Five East Coast mob families working together? Fugheddabout it!
The crime families recently implicated in a massive racketeering bust don't cooperate enough to run a criminal conspiracy, one of the alleged wiseguy's lawyers argued in new court papers.
John "The Tugboat" Tognino's lawyer said federal prosecutors' indictments against 46 accused gangsters earlier this month shows a complete failure to understand how mob politics work.
Prosecutors charged members of the Genovese, Gambino, Lucchese, Bonanno crime families and a Philadelphia offshoot formed the East Coast La Cosa Nostra (Enterprise), an alleged criminal scheme spanning from South Florida to Springfield, Mass.
They worked together on "a multitude of criminal activities" — such as racketeering conspiracy and conspiracy to commit assault in aid of racketeering, as well as arson and gunrunning, Manhattan U.S. Attorney Preet Bharara's office said.
Some are also accused of gambling and dealing untaxed cigarettes, in addition to healthcare fraud involving unnecessary prescriptions for expensive compound creams.
The idea behind an overarching "La Cosa Nostra" is at odds with mafia history, Tognino lawyer John Meringolo said in the filing.
"They manufactured this enterprise," Meringolo told the Daily News.
"While there is certainly evidence that different organized crime families work together, the families are still considered separate and distinct enterprises," wrote Meringolo, who also teaches at PACE law school.
"Despite the various dealings between families, it has been well established that each is its own distinct entity."
When Colombo family member Alphonse "Allie Boy" Persico went on trial, testimony showed "Crime family protocols were stringent — and how they kept their distance from one another."
"Members and associates of a family were not allowed to speak to members of other crime families or to higher-ranking members of their own family without a formal introduction," he said in a new filing.
The Genovese, Gambino, Lucchese and Bonanno families have historically been treated as their own enterprises for racketeering conspiracy indictments in Manhattan and Brooklyn federal court cases, Meringolo said.
Those facing racketeering charges were alleged to have had a specific role within one of these families.

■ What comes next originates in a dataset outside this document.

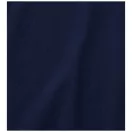 Calgary short sleeve men's polo, Male, Single Piqué of 100% Cotton, Navy, XXXL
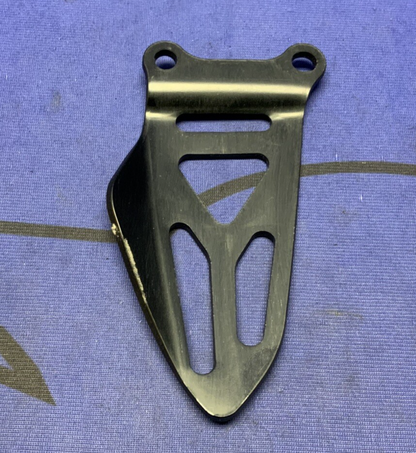 Suzuki Right Heel Guard GSXR 600/750 2011-2025 OEM 43571-47H30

But these new charges don't "definitively state the existence of an enterprise...or allege an enterprise in terms of a specific organized crime family."
"Rather, the Indictment melds various organized crime groups — with their own sets of distinct rules and hierarchies — into one overly broad entity, concocted for the sole purpose of connecting these otherwise separate and independent units together."
The so-called East Coast La Cosa Nostra Enterprise "is an over-encompassing term that generally refers to Italian Organized Crime in its entirety, is not distinct at all, and cannot by itself constitute a [RACKETEERING] enterprise," the papers, filed Thursday night, stated.
So 74-year-old Tognino, who faces one count of racketeering conspiracy in relation to his alleged work as a bookie, isn't accused in relation to any one family — meaning he's being hit with overly general charges that should be dismissed, Meringolo’s filing contends.